Sauvage believes that financial firms’ fraud detection efforts can be improved by combining the SAP/KXEN platform with SAP’s in-memory solutions that speed up pattern-matching efforts and its existing visualization tools. “Companies have not focused as much on the growing instances of online fraud, and the dollar-loss amounts are amazing,” he said. “These companies need to switch from simply monitoring and predicting fraud on an individual customer basis to also making predictions about every single transaction.”
New York-based Opera Solutions, founded in 2004, also provides a package of applications that combine predictive analytics capabilities with aggregated, industry-specific data serving the finance, risk, insurance, health care and supply chain operations sectors.
Its Signal Hub platform combines machine-learning techniques with predictive analytics. As a result, Chief Operating Officer Laks Srinivasan, said that it functions as a learning system. “There is a feedback loop that is constantly looking at predicting based on what is actually happening.” With such technology now available, he believes that companies can no longer just build a predictive analytics model and only recalibrate it every six months. Without constant feedback, any predictive analytics system can quickly become stale and will not be very useful.
Srinivasan said that one area where Opera’s technology has been especially helpful is financial services and, specifically, in the bond market and with mortgage-backed securities. “Opaqueness is a big challenge in that industry, and so we are able to open up the constituent parts of a bond and look, in an anonymous fashion, at the type of consumers who are part of a particular product, and the credit profile of each one of the borrowers in the pool who are driving the cash flow of the bond-something that was not done before because there was way too much data,” he said.
Having access to all this data for predictive analytics purposes allows his customers-many of whom are risk managers and portfolio managers-to be much more predictive about investment outcomes and understand the intrinsic value of the bond, he added.

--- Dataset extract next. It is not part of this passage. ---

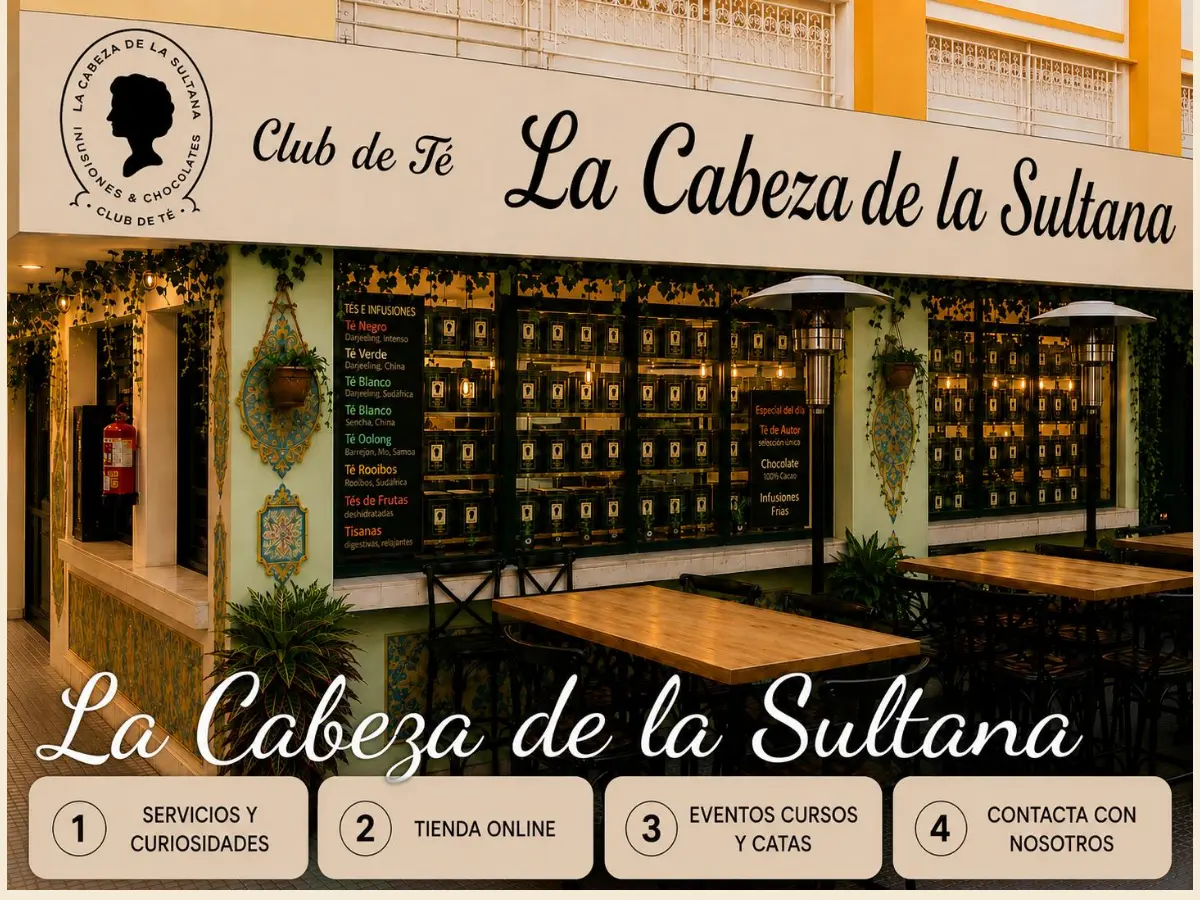 La Cabeza de la Sultana's website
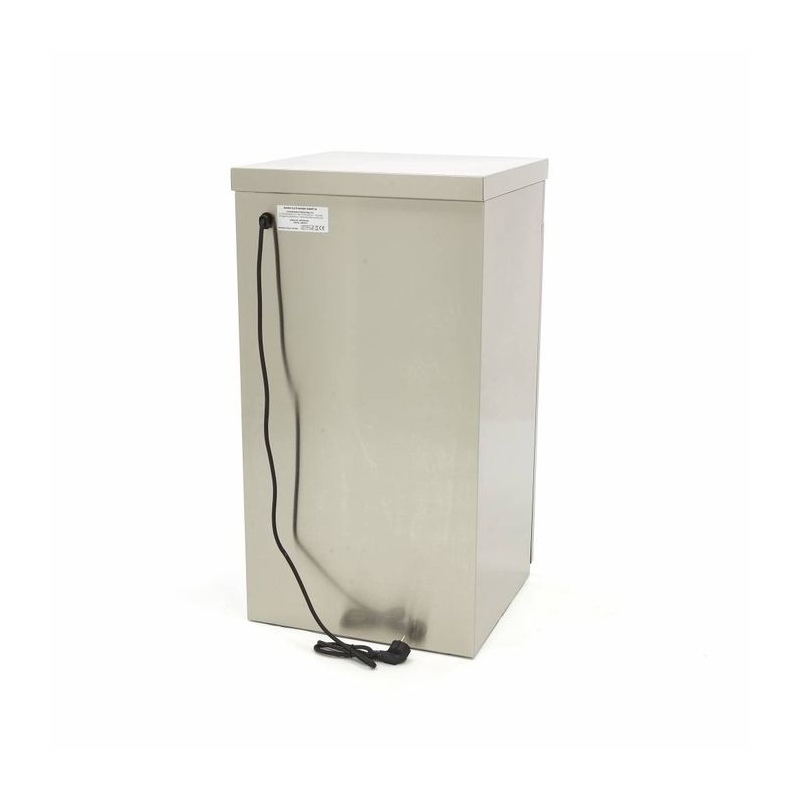 Bordenwarmhoudapparaat - 60 borden - tot &Oslash;32 cm - Maxima - 09362015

But as this technology is systematically applied to consumer behaviors and demographics and utilizes ever more data in a range of industries, what will be the outcome? “Whether it is a risk manager, portfolio manager, CEO or marketer, it’s all about man and machine working together,” Srinivasan said. He believes that in five years corporate management teams will use technology to not only be predictive, but also prescriptive. Ultimately, predictive analytics will be able to tell us more than just where we want to go, it will also tell us the best way to get there.